▶ Records supplied:
Content starts

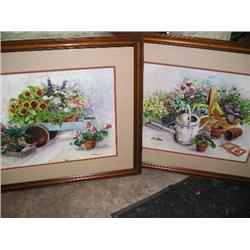Pair of garden prints
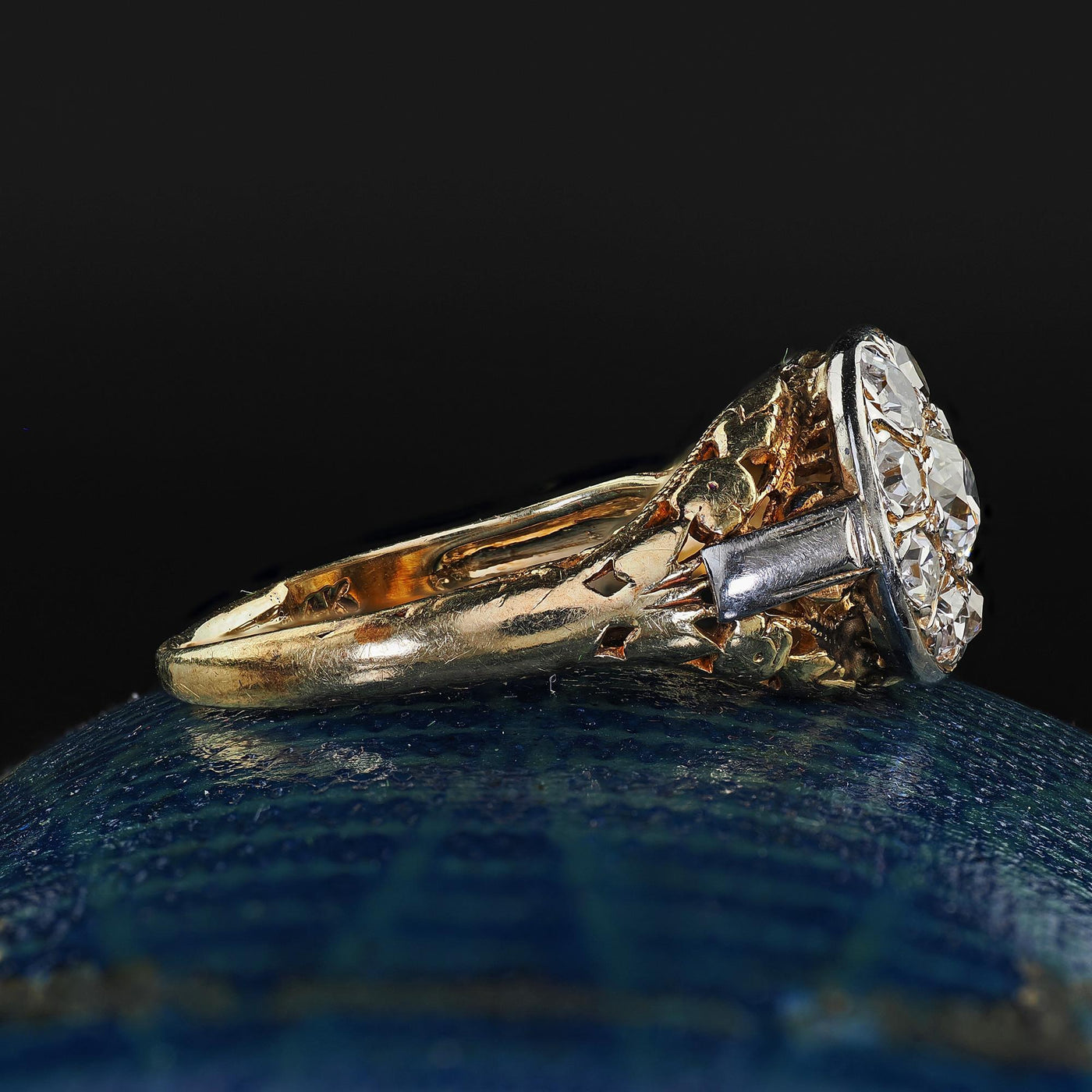 Antique Art Deco 14K Yellow Gold Old Cut Diamond Filigree Engagement Ring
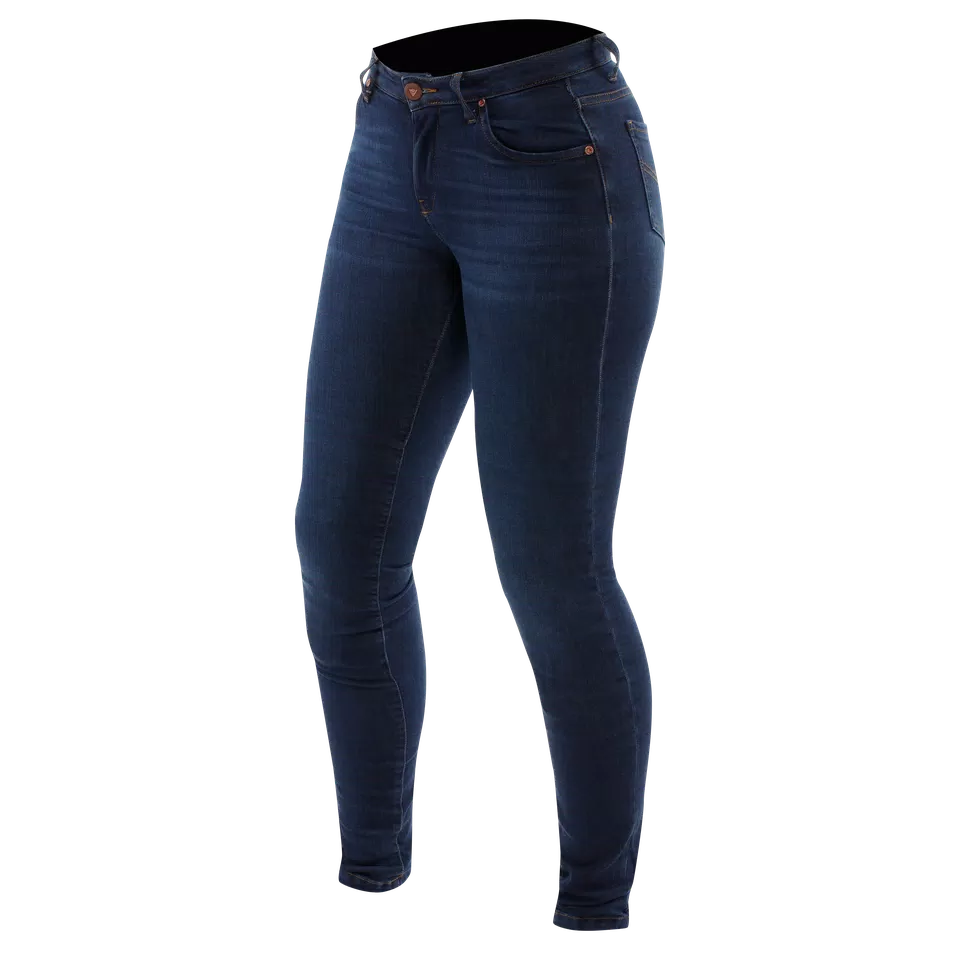 DENIM SKINNY WOMEN'S MOTORCYCLE PANTS - BLUE - 1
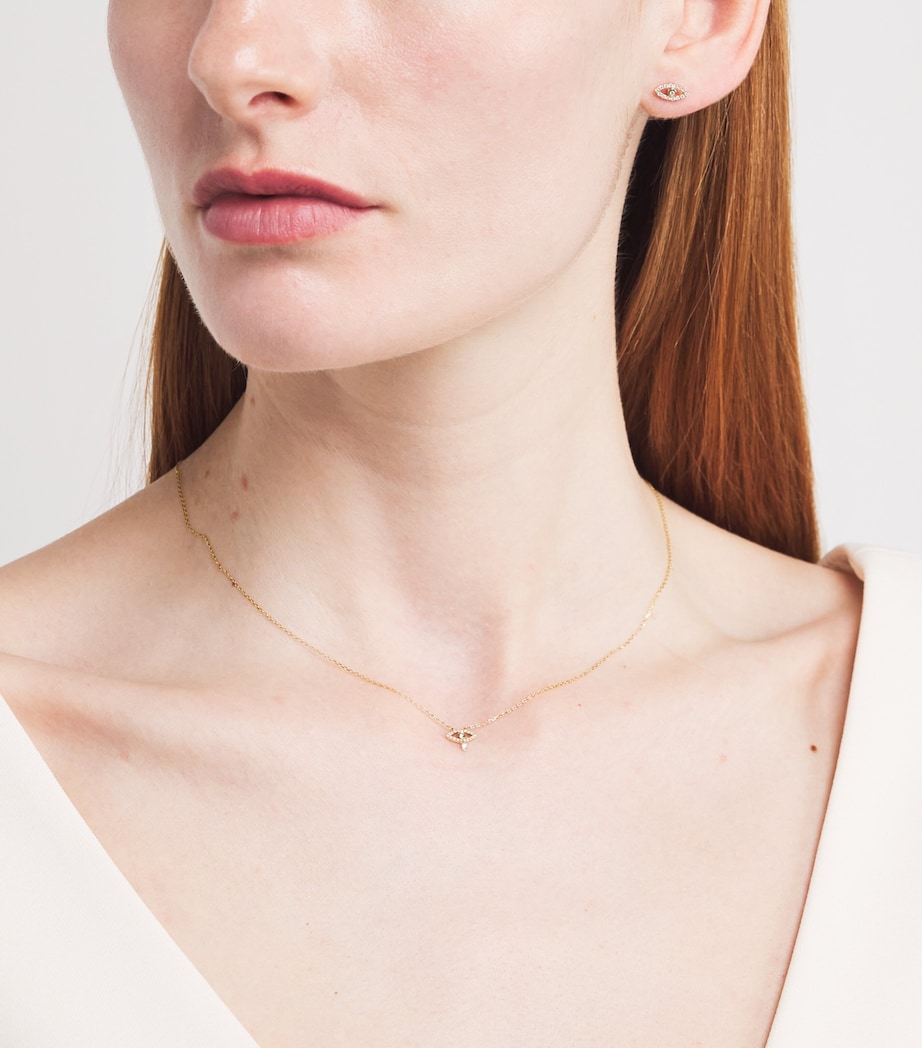 Persée Yellow Gold and Diamond Evil Eye Symbols Necklace Yellow Gold Image 4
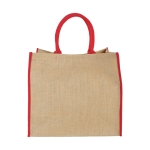 Sac cabas en jute fermeture velcro et doubles poignées Jute Edge couleur rouge deuxième vue frontale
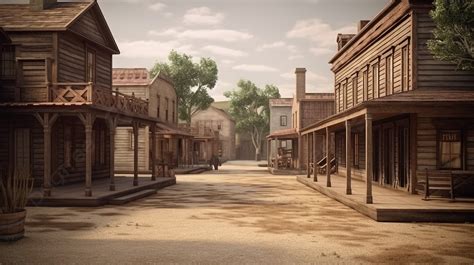 3d Rendering Of A Country Western Town Background, 3d Illustration Rendering Of An Empty Street ...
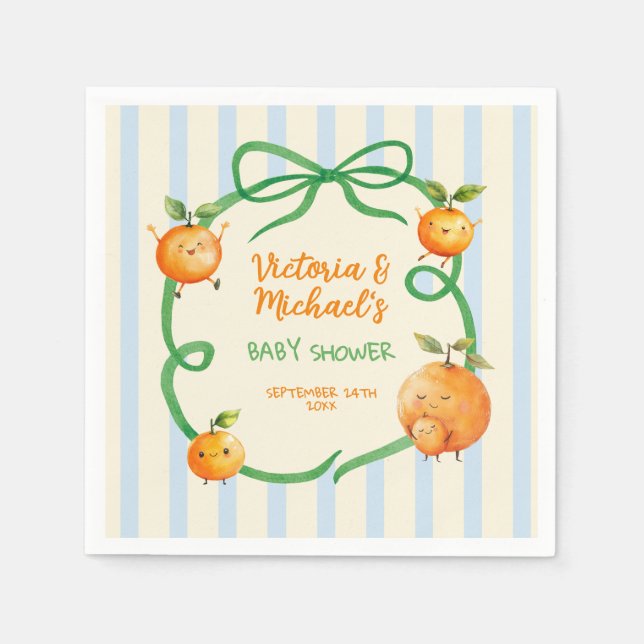 Servilleta De Papel Little Cutie Naranja Baby Shower (Anverso)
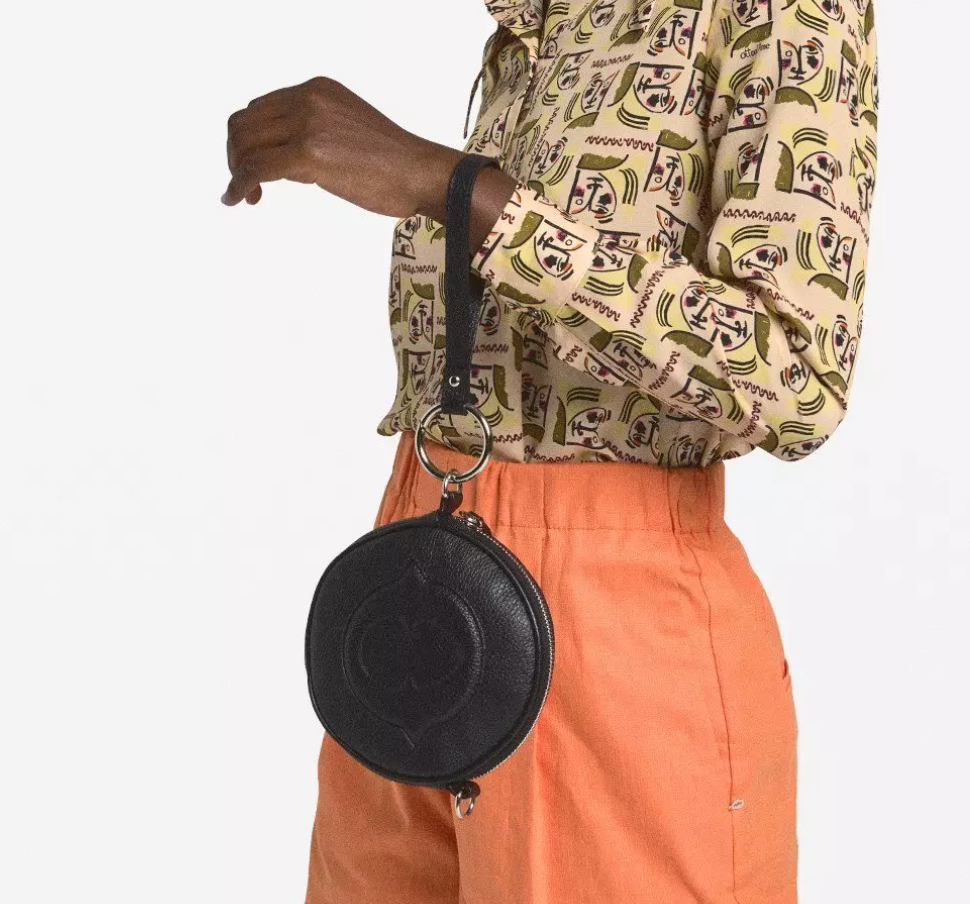 Black Leather Circle Bag Bean Ro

Content ends

▶ What needs to be done:
Only the lines from the one containing "Servilleta De Papel" through the final line of the entries belong in the copy, both ends included. Pictures stay out.

▶ Task result:
 Servilleta De Papel Little Cutie Naranja Baby Shower (Anverso)
 Black Leather Circle Bag Bean Ro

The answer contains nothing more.